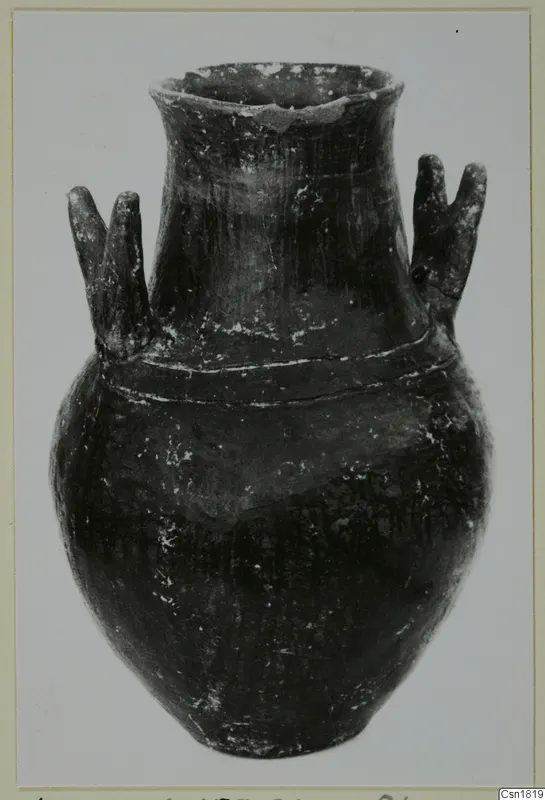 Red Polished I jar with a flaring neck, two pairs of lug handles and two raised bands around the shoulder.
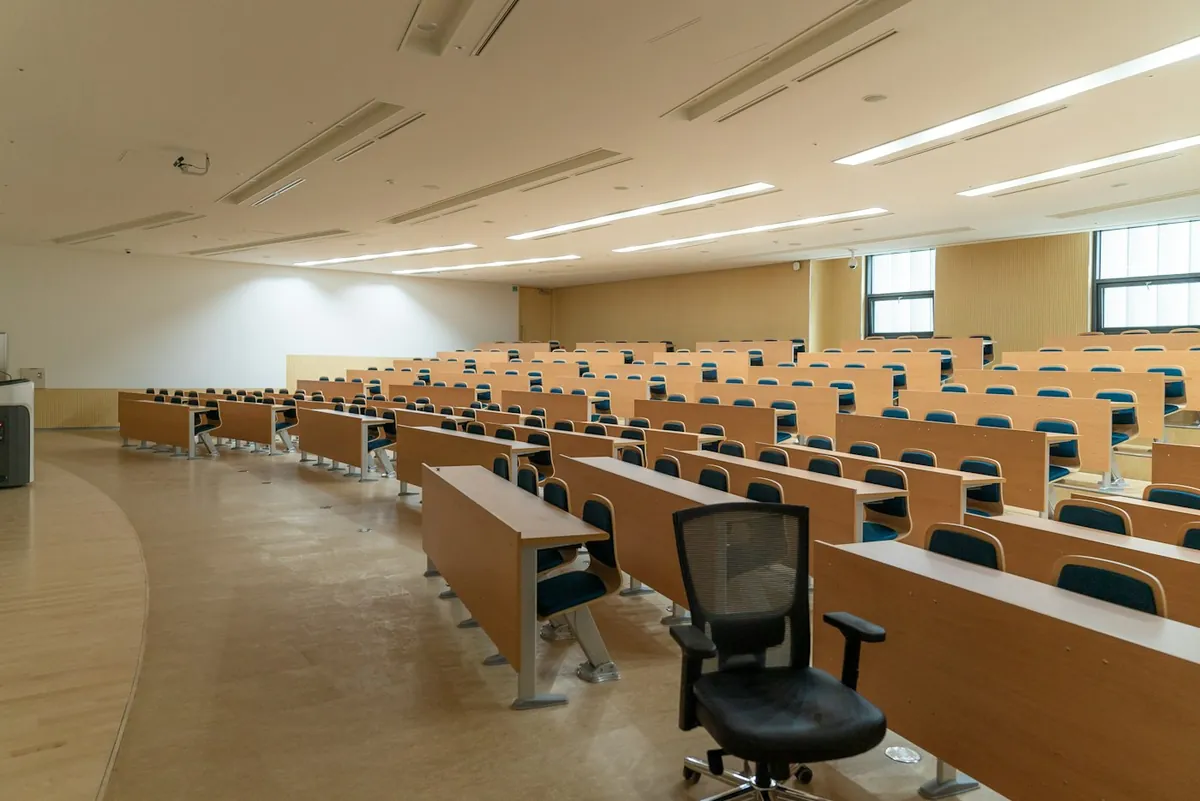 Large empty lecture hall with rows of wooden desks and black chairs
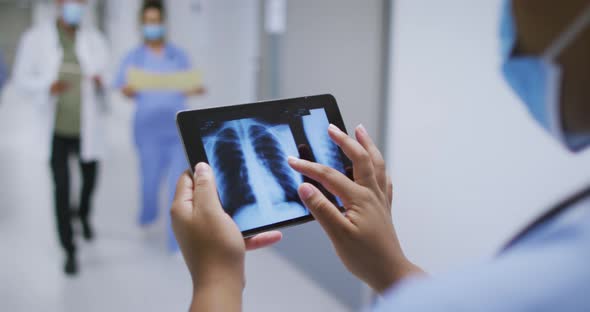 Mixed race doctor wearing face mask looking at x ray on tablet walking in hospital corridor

- [WHAT TO PRODUCE] Would you give the data above again word for word, minus the pictures?

- [WRITTEN RESPONSE]
 Red Polished I jar with a flaring neck, two pairs of lug handles and two raised bands around the shoulder.
 Large empty lecture hall with rows of wooden desks and black chairs
 Mixed race doctor wearing face mask looking at x ray on tablet walking in hospital corridor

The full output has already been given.